** Opening SUPPLIED DATA block **

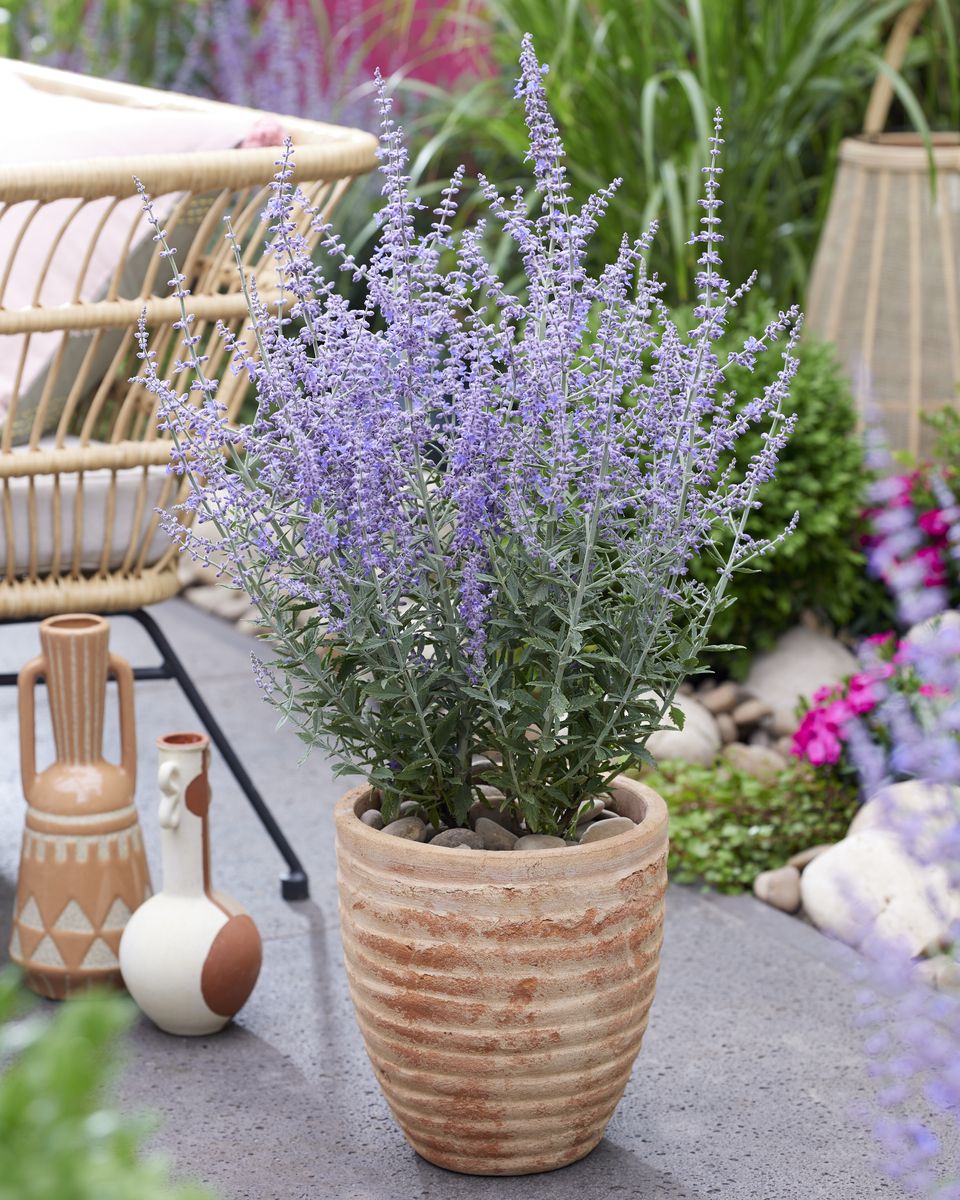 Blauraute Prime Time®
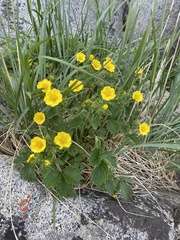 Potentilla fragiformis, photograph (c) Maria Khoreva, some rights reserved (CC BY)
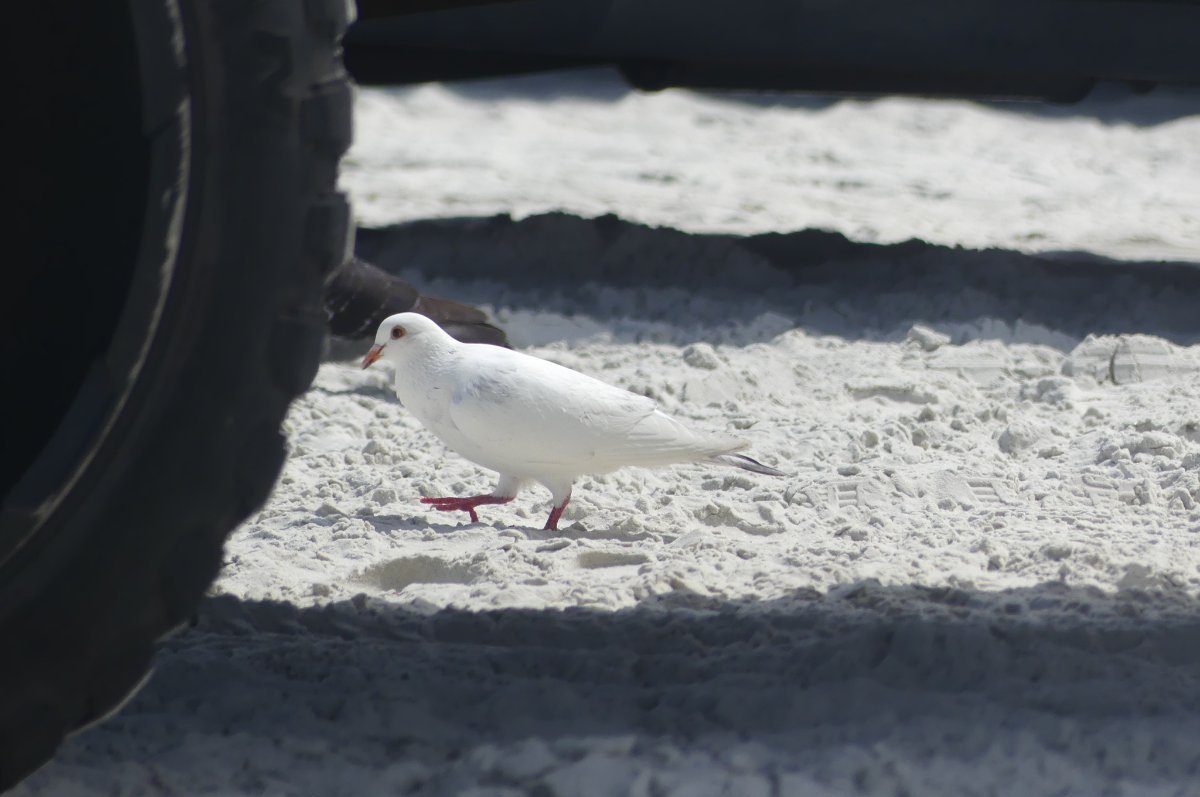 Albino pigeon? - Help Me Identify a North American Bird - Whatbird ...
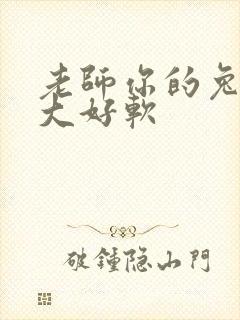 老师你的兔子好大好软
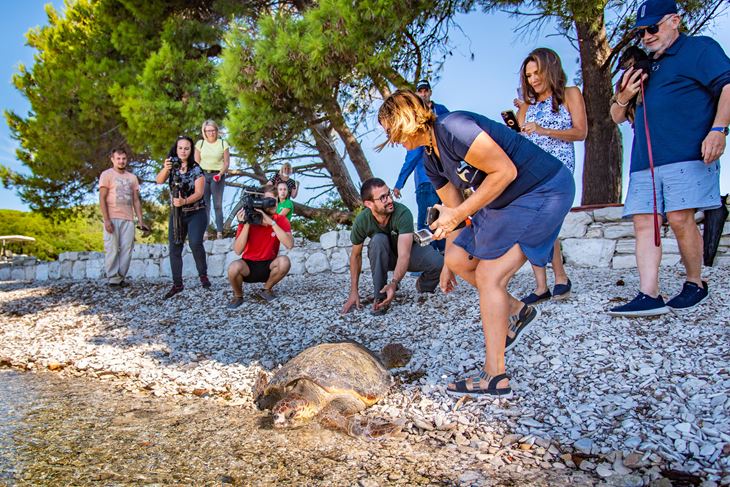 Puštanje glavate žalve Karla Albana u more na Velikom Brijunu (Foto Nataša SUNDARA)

** Closing SUPPLIED DATA block **
** Opening SUPPLIED DATA block **

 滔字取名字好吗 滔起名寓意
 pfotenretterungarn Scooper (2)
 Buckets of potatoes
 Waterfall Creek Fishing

** Closing SUPPLIED DATA block **
** Opening SUPPLIED DATA block **

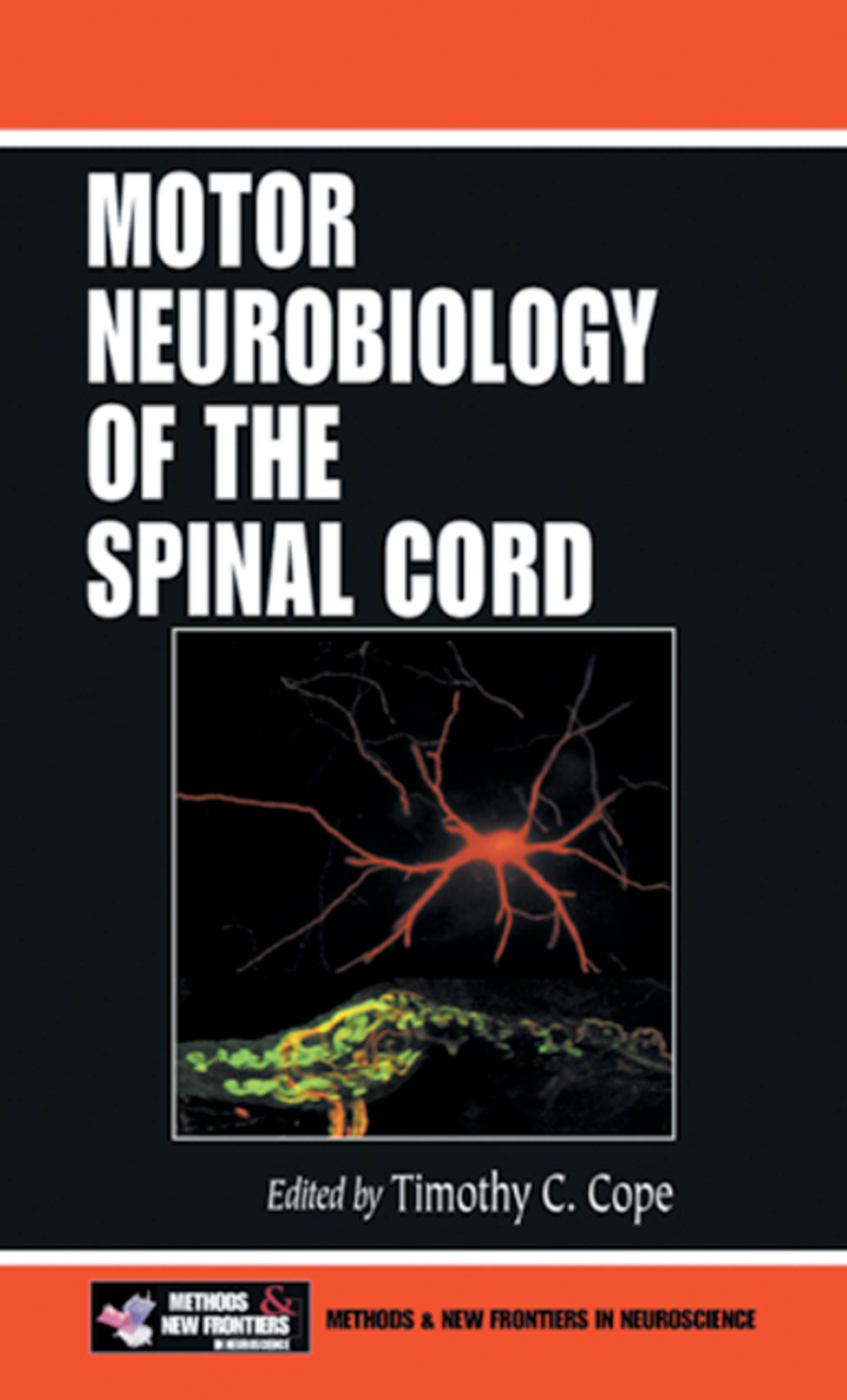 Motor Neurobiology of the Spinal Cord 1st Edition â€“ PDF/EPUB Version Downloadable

** Closing SUPPLIED DATA block **

PROMPT
In the records above, find the line containing "Blauraute Prime Time®" and the line containing "Puštanje glavate žalve", then give both of them again word for word along with every line between. Omit any pictures.

RESPONSE
 Blauraute Prime Time®
 Potentilla fragiformis, photograph (c) Maria Khoreva, some rights reserved (CC BY)
 Albino pigeon? - Help Me Identify a North American Bird - Whatbird ...
 老师你的兔子好大好软
 Puštanje glavate žalve Karla Albana u more na Velikom Brijunu (Foto Nataša SUNDARA)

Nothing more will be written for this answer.